As the table below illustrates, different whole grains vary widely in their fiber content. A full serving of whole grains — 16 grams of whole grains — will contain from just over a half gram of fiber to around 3 grams of fiber.


% of grain
that is fiber

Fiber in 16g
of this Grain
amaranth 6.7% 1.1 grams
barley 17.3% 2.8 grams
brown rice 3.5% 0.6 grams
buckwheat 10.0% 1.6 grams
bulgur wheat 18.3% 2.9 grams
corn 7.3% 1.2 grams
Kamut® khorasan wheat 11.1% 1.8 grams
millet 8.5% 1.4 grams
oats 10.6% 1.7 grams
quinoa 7.0% 1.1 grams
rye 15.1% 2.4 grams
sorghum 6.3% 1.0 grams
spelt wheat 10.7% 1.7 grams
teff 8.0% 1.3 grams
triticale 14.6% 2.3 grams
wheat 12.2% 2.0 grams
wild rice 6.2% 1.0 grams

All values from USDA National Nutrient Database SR 26, updated September 2013.
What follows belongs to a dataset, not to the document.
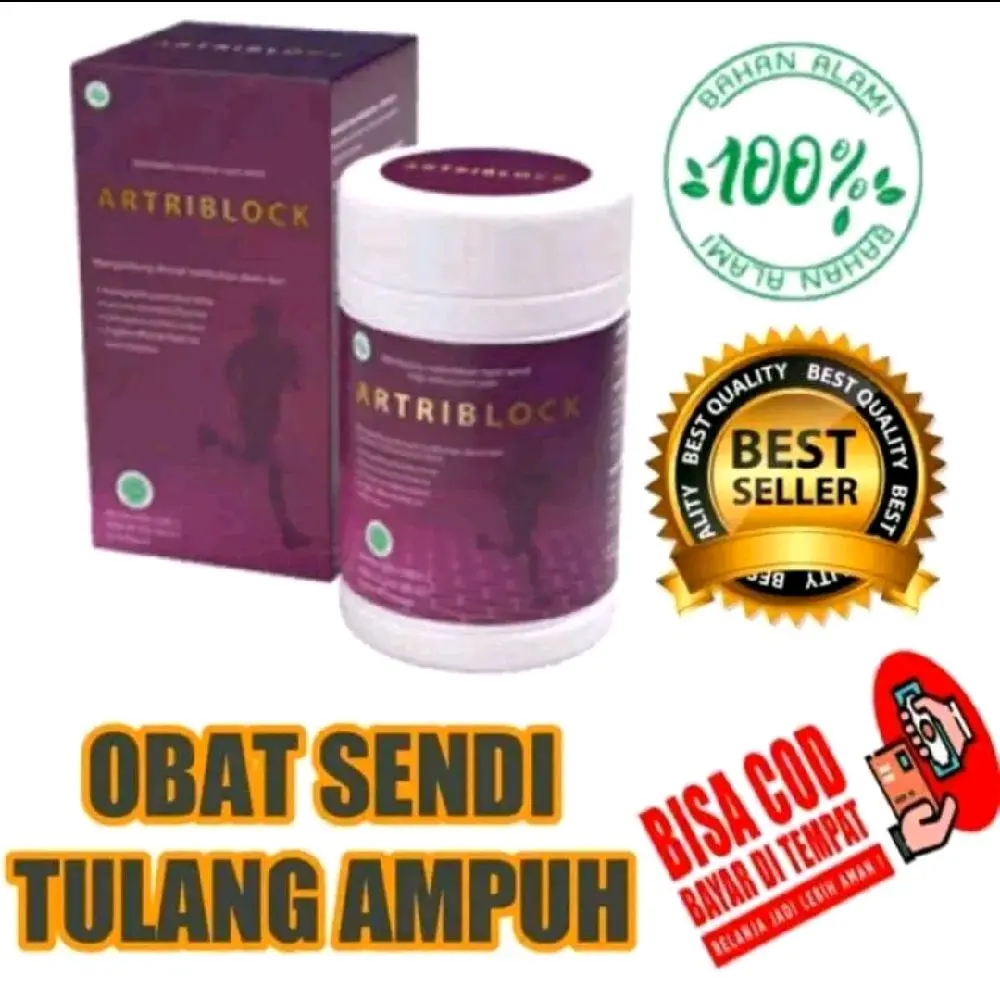 READY - Artriblock Original Herbal Nyeri Sendi Tulang Lutut Terlaris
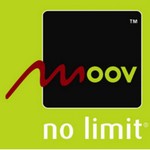 Moov Gabon الشعار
In the U.S., foods labeled “High in Fiber” must contain at least 5 grams of fiber per serving. Most foods must have added fiber (extra bran, resistant starch or other fibers) in addition to whole grains, to be considered high fiber foods.

Some people mistakenly believe that a food really isn’t made with whole grain, if it isn’t high in fiber. As the figures on this page illustrate, fiber alone is not a good gauge of whether a product is truly a whole grain food.